うーの家では断熱等性能等級6を標準仕様としています。
さらに、法律で定められた24時間換気設備(基本は第3種換気)も設置します。
では、何が違うのでしょうか。
違いは「断熱性能」そのものではなく、壁の中の空気をどう扱うかという考え方にあります。
夏、なぜ体感的に涼しいのか
WB工法は「冷やす家」ではありません。
目指しているのは、“熱をためにくい家”です。
壁の内部に通気層を設け、外壁側にこもった熱を排出しやすくする構造になっています。
そのため、室内へ伝わる熱の影響が緩やかになります。
結果として、エアコンの設定温度を極端に下げなくても、体感的にラクに過ごしやすい空間を目指せるのです。
子育て世代〜シニア世代の方にとっては、
「光熱費」「冷房効率」「身体への負担」も気になるところ。
WB工法は、そこに配慮した設計思想と言えます。

冬は寒くならないの?
「通気があるなら冬は寒いのでは?」
これはよくいただく質問です。
WB工法では、外気温が下がると形状記憶合金を用いた換気口、通気口が自動的に閉じる仕組みになっています。すると壁内の空気は動かなくなり、空気層が断熱の補助的な役割を果たします。
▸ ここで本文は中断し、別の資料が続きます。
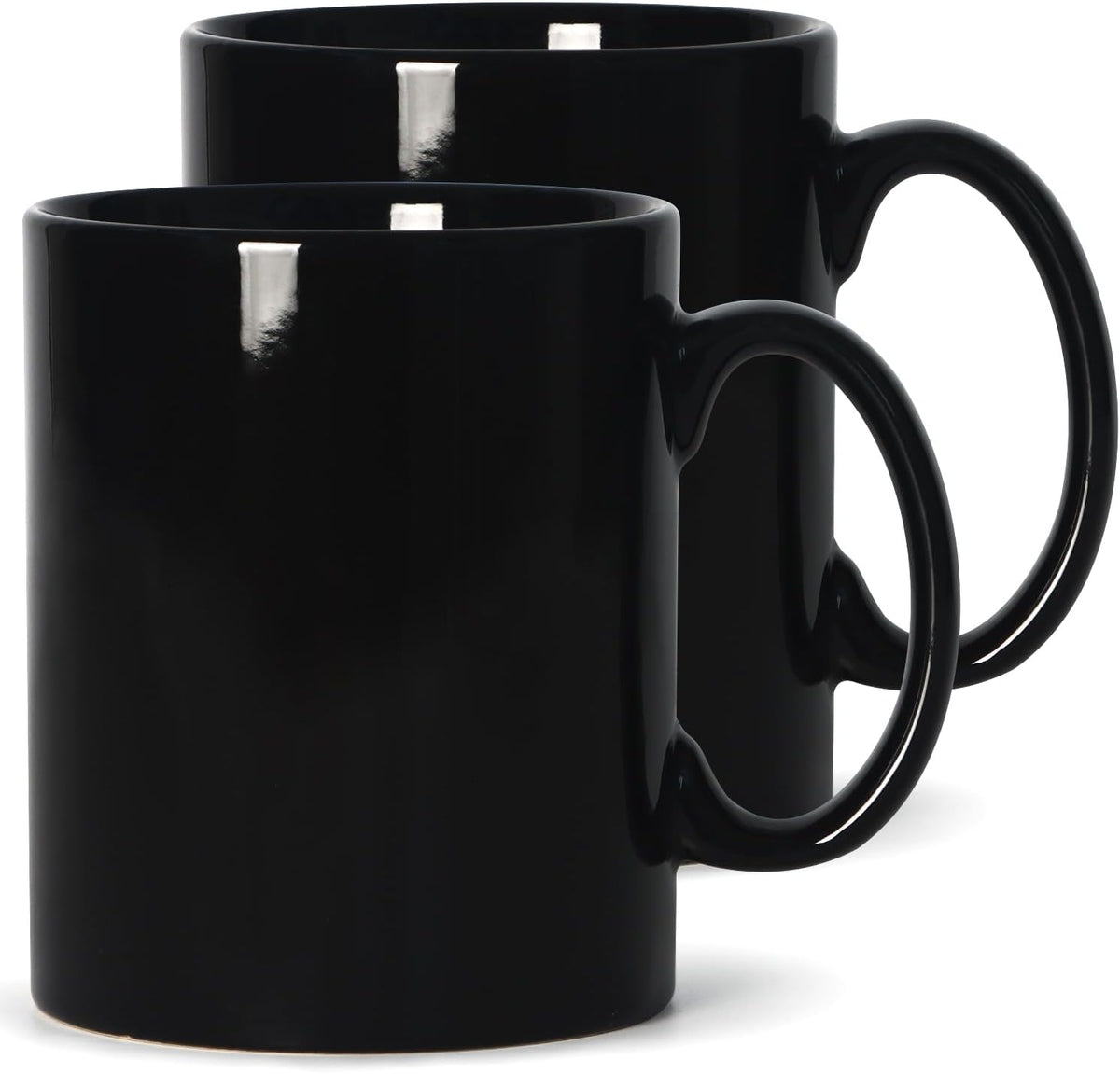 Large Coffee Mugs, 22 OZ(650ml) Extra Coffee Mug Set of 2, Smooth Ceramic Boss Cups, Big Capacity and Large Handle, for Dad Men, Black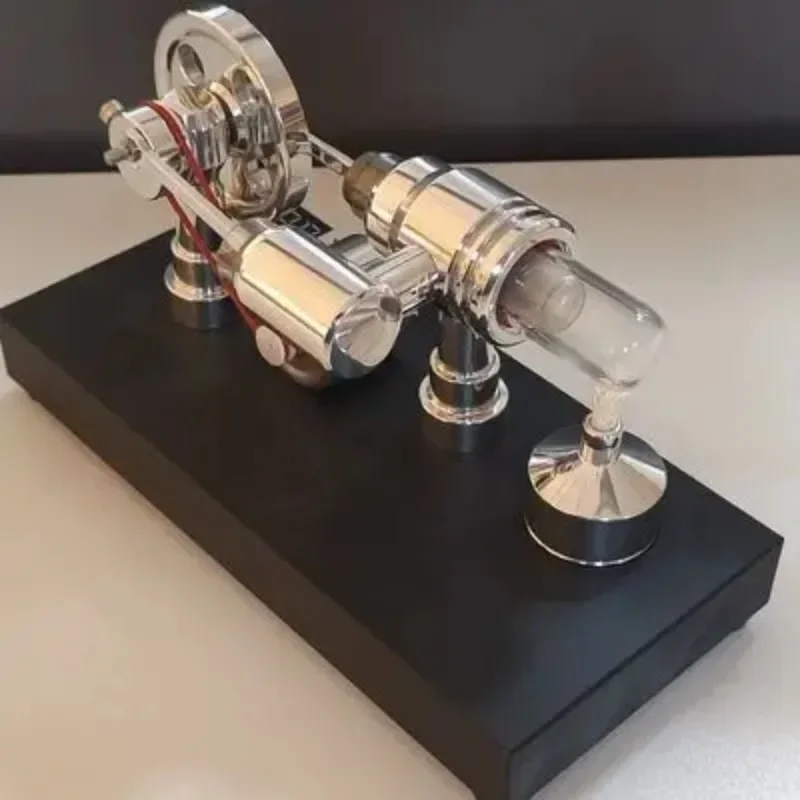 Stirling Engine Power Generation Model with Light Bulb Star Ring Engine Generator DIY Engine with Voltmeter USB Mirror Polishing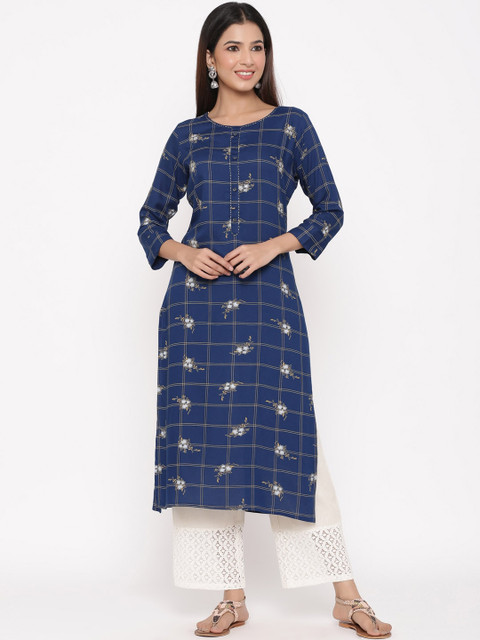 

Juniper Women Blue & Off-White Floral Checked Straight Kurta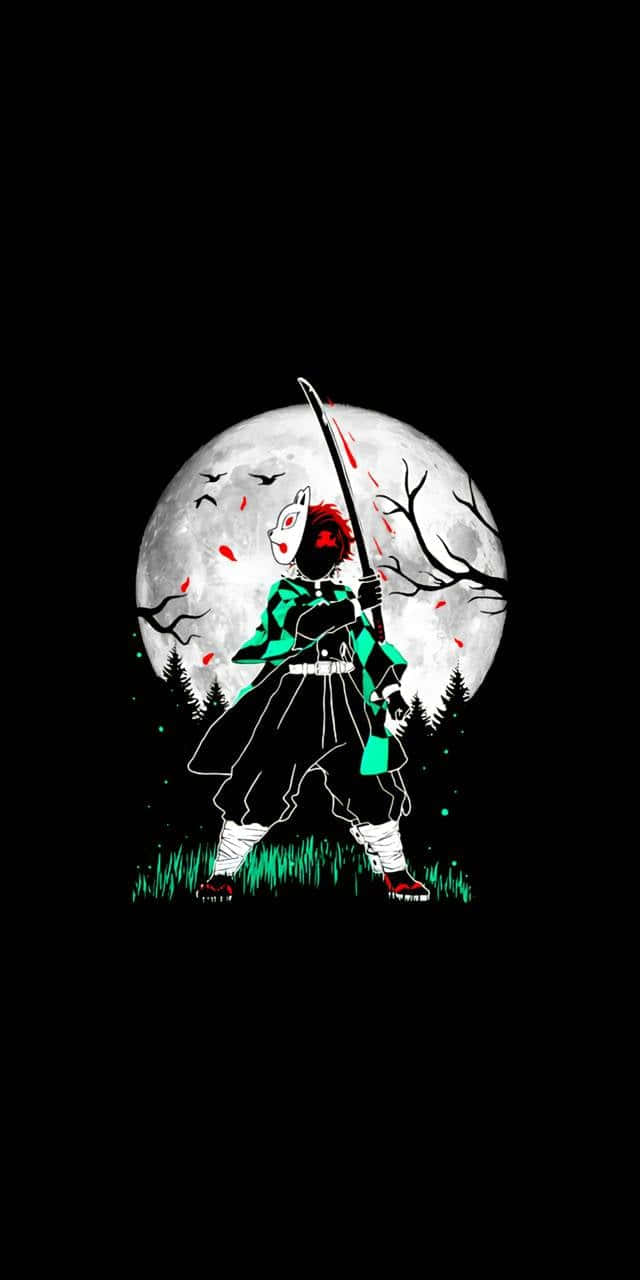 Mørk Demon Slayer iPhone låseskjerm Bakgrunner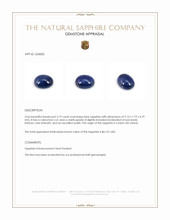 3.19 Ct. Blue Cabochon Sapphire from Ceylon (Sri Lanka) Appraisal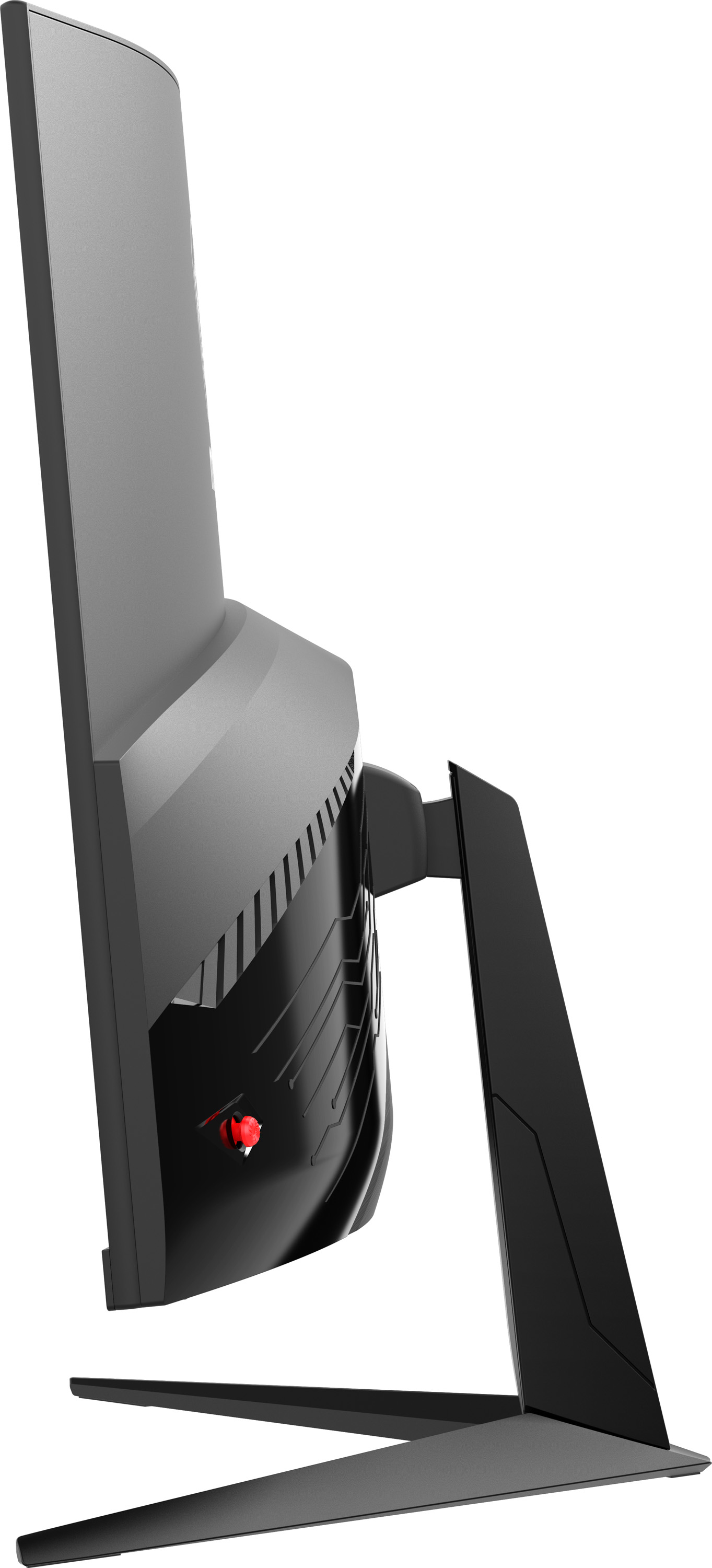 Vista laterale di un monitor grigio, supporto nero e pulsante di accensione rosso.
もちろん、断熱の主役はきちんと施工された断熱材です。
そこに“季節で切り替わる通気制御”が加わるイメージです。
当社では断熱等性能等級6を標準としていますので、冬の性能を犠牲にする工法ではありません。


「換気」との違い
WB工法は、機械換気を否定するものではありません。
当社では第3種換気を基本とし、法律に基づいた24時間換気を確実に行います。
そのうえで、
・壁の透湿性
・壁内通気
・季節による開閉制御(形状記憶合金)
といった仕組みが“補助的”に働きます。
つまり、
高気密高断熱+機械換気+通気制御
という構成です。
当社の特徴 ― 漆喰との相性
ここで大切なのが、当社が力を入れている「漆喰」です。
WB工法では一般的に透湿クロス(紙、布クロスなど)を使用します。
漆喰は、
・調湿性
・消臭性
といった特性を持つ自然素材で、透湿性もあります。
壁内の空気の流れを考えるWB工法と、湿度を穏やかに整える漆喰は、非常に相性が良いと考えています。インテリアにこだわる方にとっても、ビニールクロスとは違う質感や陰影の美しさは大きな魅力ではないでしょうか。
こんな方におすすめです
・断熱性能は妥協したくない
・光熱費も気になる
・壁内結露や湿気対策も大切にしたい
・身体になじむ自然素材の家に住みたい
・見た目だけでなく“空気感”も重視したい
WB工法は、30年以上の実績があり、特に「湿気対策」や「化学物質の排出(シックハウス対策)」を重視する層からは、根強い支持を集めています。
むしろ、数値性能を確保したうえで、「空気の流れ」まで設計に組み込んだ住まいです。
まとめ
WB工法は、
“高気密高断熱か、それ以外か”という二択ではありません。
断熱等性能等級6を標準とし、第3種換気を備え、さらに壁内の通気を季節で制御する。
そして当社では、そこに漆喰という自然素材を組み合わせています。
世間一般にに広く知れ渡った工法とは言えません。だからこそ、一度仕組みを知っていただきたい。
数値だけでは測れない「空気の心地よさ」を、ぜひ体感してみてください。